▶ Provided entries
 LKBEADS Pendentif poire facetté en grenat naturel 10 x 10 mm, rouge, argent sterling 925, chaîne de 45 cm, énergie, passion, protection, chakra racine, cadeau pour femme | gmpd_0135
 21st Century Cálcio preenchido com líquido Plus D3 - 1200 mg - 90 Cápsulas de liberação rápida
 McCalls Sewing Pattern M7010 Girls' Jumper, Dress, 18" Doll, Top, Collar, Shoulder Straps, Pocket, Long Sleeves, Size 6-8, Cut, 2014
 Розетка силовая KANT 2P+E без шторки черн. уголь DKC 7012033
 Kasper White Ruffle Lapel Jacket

...

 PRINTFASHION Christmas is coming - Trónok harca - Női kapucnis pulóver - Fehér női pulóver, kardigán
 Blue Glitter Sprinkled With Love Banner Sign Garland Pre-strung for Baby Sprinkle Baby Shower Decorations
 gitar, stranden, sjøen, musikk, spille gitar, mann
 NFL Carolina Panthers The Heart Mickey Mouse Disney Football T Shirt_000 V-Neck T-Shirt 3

==

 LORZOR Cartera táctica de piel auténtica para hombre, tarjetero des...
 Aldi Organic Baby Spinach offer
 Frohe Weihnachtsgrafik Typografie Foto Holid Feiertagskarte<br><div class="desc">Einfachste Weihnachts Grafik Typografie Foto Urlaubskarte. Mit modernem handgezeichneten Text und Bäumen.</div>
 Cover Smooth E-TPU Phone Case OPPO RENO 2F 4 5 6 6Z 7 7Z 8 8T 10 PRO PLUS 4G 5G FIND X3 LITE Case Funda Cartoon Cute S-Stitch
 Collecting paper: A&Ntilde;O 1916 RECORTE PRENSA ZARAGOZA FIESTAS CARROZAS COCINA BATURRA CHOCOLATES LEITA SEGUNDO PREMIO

▶ Exercise prompt
Once you find the line with "PRINTFASHION Christmas is" above, print it and every line after it up to and including the line with "NFL Carolina Panthers", exactly as written and nothing else.

▶ Exercise result
 PRINTFASHION Christmas is coming - Trónok harca - Női kapucnis pulóver - Fehér női pulóver, kardigán
 Blue Glitter Sprinkled With Love Banner Sign Garland Pre-strung for Baby Sprinkle Baby Shower Decorations
 gitar, stranden, sjøen, musikk, spille gitar, mann
 NFL Carolina Panthers The Heart Mickey Mouse Disney Football T Shirt_000 V-Neck T-Shirt 3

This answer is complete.